The Bowels of Christ

Barry Arrington writes:

For years I have been bemused by the website called The Skeptical Zone.  Every few months I go over there and peruse the posts.  And I think to myself, if they are so skeptical, why does practically everything they say line up with the received dogmas and conventional wisdom of the early 21st century Western intelligentsia?

Do they not know what the word “skeptical” means?  Are they going for ironical?

But in a flash of insight today, I finally figured it out.  The key is in the quote from Cromwell at the top of their homepage that serves as the motto for the site:

I beseech you, in the bowels of Christ, think it possible that you may be mistaken.

All of this time I mistakenly thought that they were using the aphorism the way Cromwell intended as in “We should bear in mind that each of us is fallible; it follows that each of us should always allow for the possibility that even his most intensely-held beliefs might possibly be mistaken.”

Yes, Barry, that is precisely what I intended it to mean.

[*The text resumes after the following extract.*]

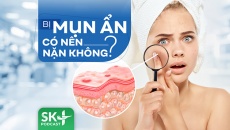 Podcast: Bị mụn ẩn có nên nặn không?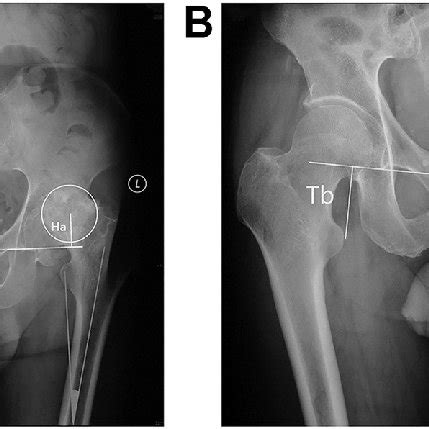 Knee Valgus Deformity KV Was Defined As Femoral Tibial Angle Of 170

No, that is not it.  It all becomes clear when you realize that they mean their motto quite literally and when they think of it they think of it this way:

I beseech you, in the bowels of Christ, think it possible that YOU may be mistaken.

 

The YOU refers to all those who read the words,  including the owner of the blog.

There you have it.  They are skeptical all right.  They are skeptical of everyone’s views but their own, which they hold with a breathtakingly dogmatic tenacity.  It all makes sense to me now

Well, we all tend to think that people who seem unable to see our point of view are holding that view “with a breathtaking dogmatic tenacity”.  After all, if we thought we were wrong, we’d change our minds, wouldn’t we?  It’s intrinsic to the nature of disagreement that we think the other guy is wrong, and greater the clarity with which we think we are seeing the truth, the more dogmatically tenacious the other guy seems to be for not seeing it.  Which simply goes to show that one [wo]man’s obvious is another [wo]man’s nonsense.

So: Just to remind everyone: No, the motto is neither ironical,  nor addressed to a subset of the world.  It is addressed to everyone, unironically, including me.  And of course Barry, should he come over, which I hope he will. Please regard it as the Primary Rule of this site.

Thanks 🙂

Edited to, I hope, avoid copyright violation.

120 thoughts on “The Bowels of Christ

  1. Elizabeth,

    I thought it was quite ept, and not inept at all. Maybe could have been more ept, or epter.

    We can and should talk about many different kinds of truth — empirical truth, mathematical truth, logical truth, poetic truth, ethical truth, religious truth. There are as many different kinds of truth as there are different kinds of rules for determining whether an assertion is warranted or appropriate. And we get ourselves into trouble when we mistakenly treat one kind of claim as belonging to a different family — e.g. treating “God exists” as an empirical truth.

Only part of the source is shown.